We introduce a new family of dynamical system-based toy problems to study in-context learning (ICL) and associative recall in transformer models. These problems combine features of linear-regression-style continuous in-context learning (ICL) with discrete associative recall. Specifically, we consider symbolically-labeled interleaved observation segments from randomly drawn linear deterministic dynamical systems. We pretrain the transformer models on sample traces from this toy, and study if it can recall the state of a sequence previously seen in its context when prompted to do so with its in-context label. Performing the task requires the transformer model to do multiple tasks — e.g. identifying a dynamical system that a particular segment belongs to, or continuing a prediction once the prediction has been initiated etc. We find that the ability to predict the first token in a segment (which is similar to identifying the underlying system) shows emergence well into training. Surprisingly, predicting the second token in the segment (which is similar to continuing a prediction) can actually be done earlier, before the ability to predict the first token emerges.
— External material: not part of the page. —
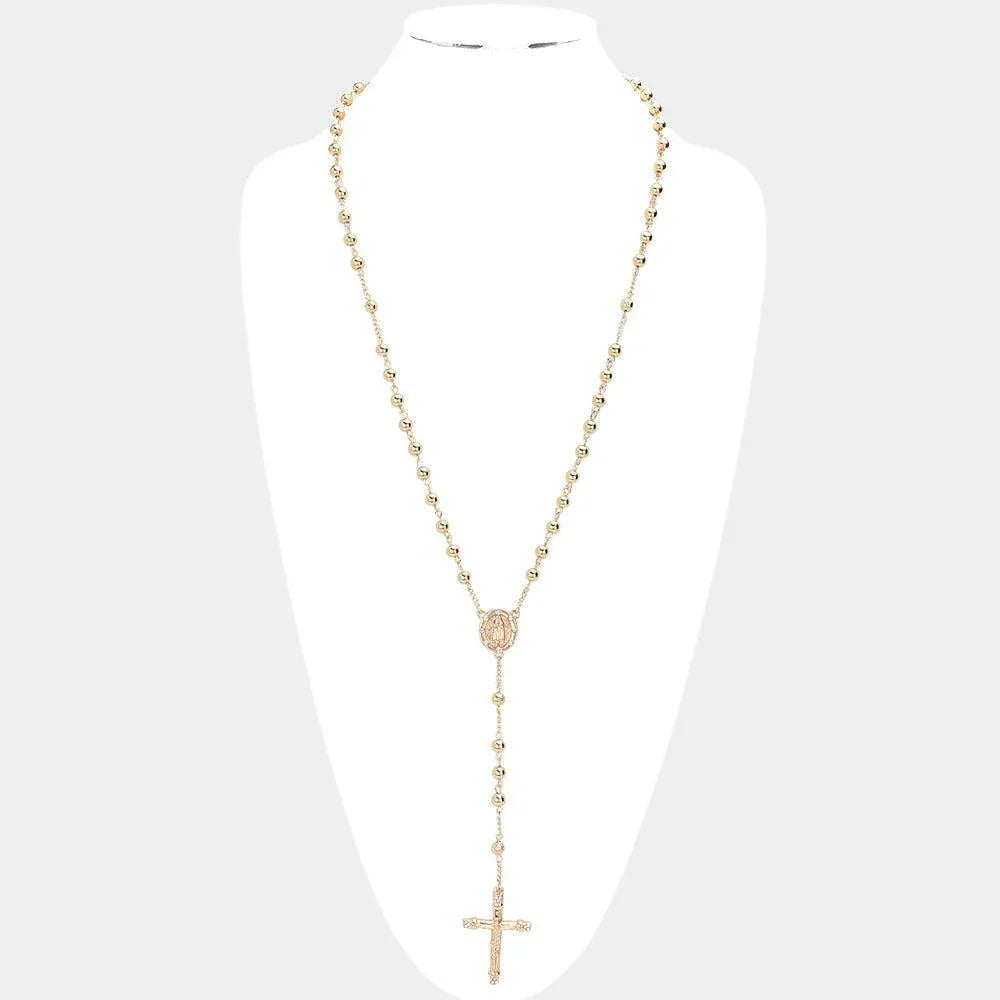 Gold Crucifix Pendant Beaded Y Rosary Necklace - Jewelry Store by Erik Rayo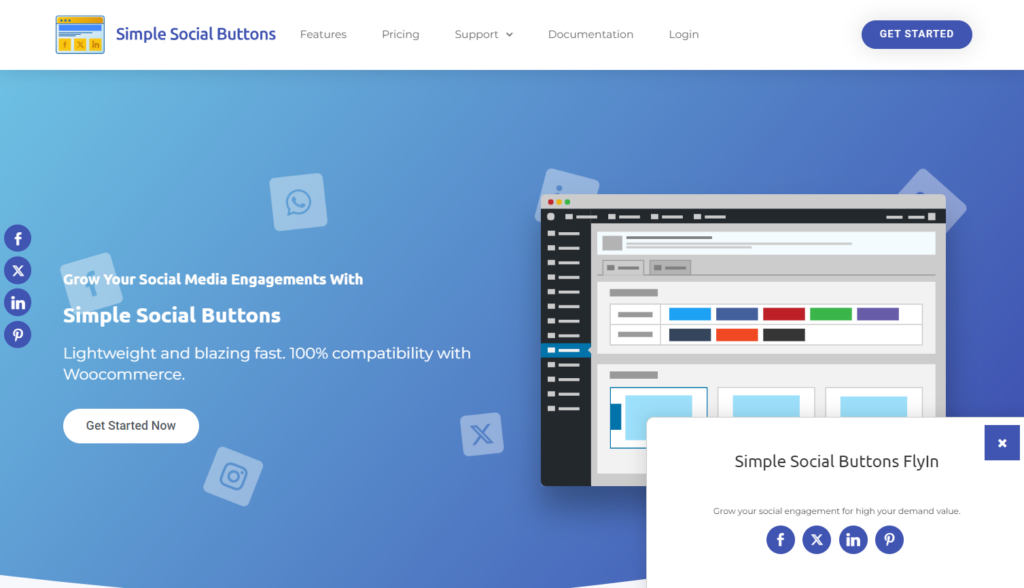 simple social buttons best WordPress popup plugin for social sharing buttons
Via out-of-distribution experiments, and a mechanistic analysis on model weights via edge pruning, we find that next-token prediction for this toy problem involves at least two separate mechanisms. One mechanism uses the discrete labels to do the associative recall required to predict the start of a resumption of a previously seen sequence. The second mechanism, which is largely agnostic to the discrete labels, performs a Bayesian-style prediction based on the previous token and the context. These two mechanisms have different learning dynamics. To confirm that this multi-mechanism (manifesting as separate phase transitions) phenomenon is not just an artifact of our toy setting, we used OLMo training checkpoints on an ICL translation task to see a similar phenomenon: a decisive gap in the emergence of first-task-token performance vs second-task-token performance.

Bio

Gireeja Ranade is an Associate Teaching Professor in Electrical Engineering and Computer Sciences (EECS) at the University of California, Berkeley. Before this she was at Microsoft Research in Redmond, WA. She received her PhD in Electrical Engineering and Computer Science from the University of California, Berkeley, and her undergraduate degree from MIT in Cambridge, MA. She is the recipient of some awards for her research and teaching such as the NSF CAREER Award, the UC Berkeley Electrical Engineering Award for Outstanding Teaching, the UC Berkeley Award for Extraordinary Teaching in Extraordinary Times and others.